Full Papers
Haemorrhage-related adverse events associated with nintedanib: a pharmacovigilance study based on the FAERS database
Q. Liu1, W. Zuo2, H. Huang3
- Department of Pharmacy, Peking Union Medical College Hospital, Chinese Academy of Medical Sciences & Peking Union Medical College, Beijing; and Department of Pulmonary and Critical Care Medicine, Peking Union Medical College Hospital, Chinese Academy of Medical Sciences & Peking Union Medical College, Beijing, China.
- Department of Pharmacy, Peking Union Medical College Hospital, Chinese Academy of Medical Sciences & Peking Union Medical College, Beijing, China.
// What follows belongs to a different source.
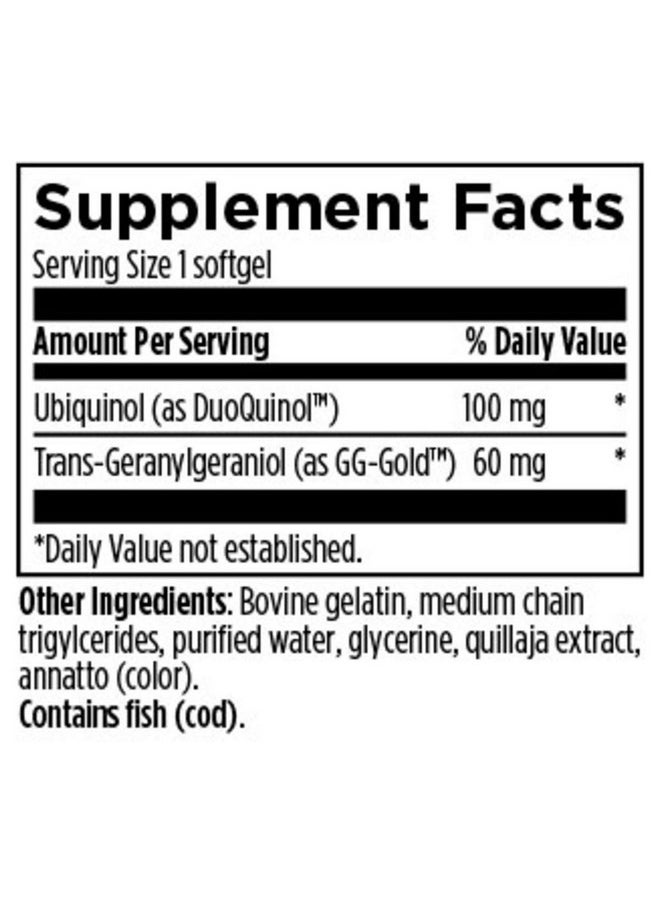 designs for health - Coqnol 100Mg Coq10 Ubiquinol With Superior Bioavailability + Exclusive Absorption Technology Double Coenzymeq10 Boost With Gg Heart Healthy Aging + Cell Support (60 Softgels) - Image 1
- Department of Pulmonary and Critical Care Medicine, Peking Union Medical College Hospital, Chinese Academy of Medical Sciences & Peking Union Medical College, Beijing, China. pumchhh@126.com
CER19471
Full Papers
PMID: 41678154 [PubMed]
Received: 29/10/2025
Accepted : 19/01/2026
In Press: 08/02/2026
Abstract
OBJECTIVES:
We aimed to analyse the characteristics and positive signals of haemorrhage-related adverse event (HrAE) associated with nintedanib in the Food and Drug Administration Adverse Event Reporting System (FAERS) database.
METHODS:
The reports of adverse events (AE) associated with nintedanib as the primary suspect (PS) drug were extracted from the FAERS database from the fourth quarter of 2014 to the third quarter of 2024. HrAE were identified using the Standardized Medical Dictionary for Regulatory Activities Queries (SMQs). The characteristics of AE reports were described and multivariate analysis was used to analyse the factors related to HrAE. Disproportionality analysis was performed to detect AE signals, and a multiplicative and additive model was applied to evaluate the association between drug-drug interaction (DDI) and HrAE. Sensitivity analysis was conducted on serious AE that life-threatening and death, as well as AE reported by physician and pharmacist.
RESULTS:
A total of 3,018 patients experienced HrAE associated with nintedanib were included. There was a total of 3,929 AE reports. Compared with non-HrAE, patients age ≥65 years (p≤0.001, OR=1.675, 95% CI 1.376-2.040) and the lower daily dose (p=0.014, OR=1.001, 95% CI 1.000–1.002) were associated with HrAE. The gastrointestinal system was the most frequently affected organ and/or system. Co-administration of antiplatelet agents (ROR=6.02, 95% CI 4.76–7.62), anticoagulants (ROR=4.57, 95% CI 3.85–5.42) or prednisone (ROR=1.63, 95% CI 1.15–2.31) was more common among HrAE patients than among non-HrAE patients. Patients age ≥65 years (p=0.018, OR=1.623, 95%CI 1.088-2.420) and the time-to-onset (TTO) from drug administration to AE onset >90 days (p≤0.001, OR=2.266, 95%CI 1.744-2.944) were associated HrAE when AE reports with life-threatening or fatal were included; male (p=0.004, OR=1.004, 95% CI 1.004–1.007) is associated with HrAE when AE reports by physician or pharmacist were included.
CONCLUSIONS:
Gastrointestinal bleeding is the most commonly reported HrAE associated with nintedanib. Patients over 65 years were more likely to experience HrAE, especially in life-threatening and death AE reports.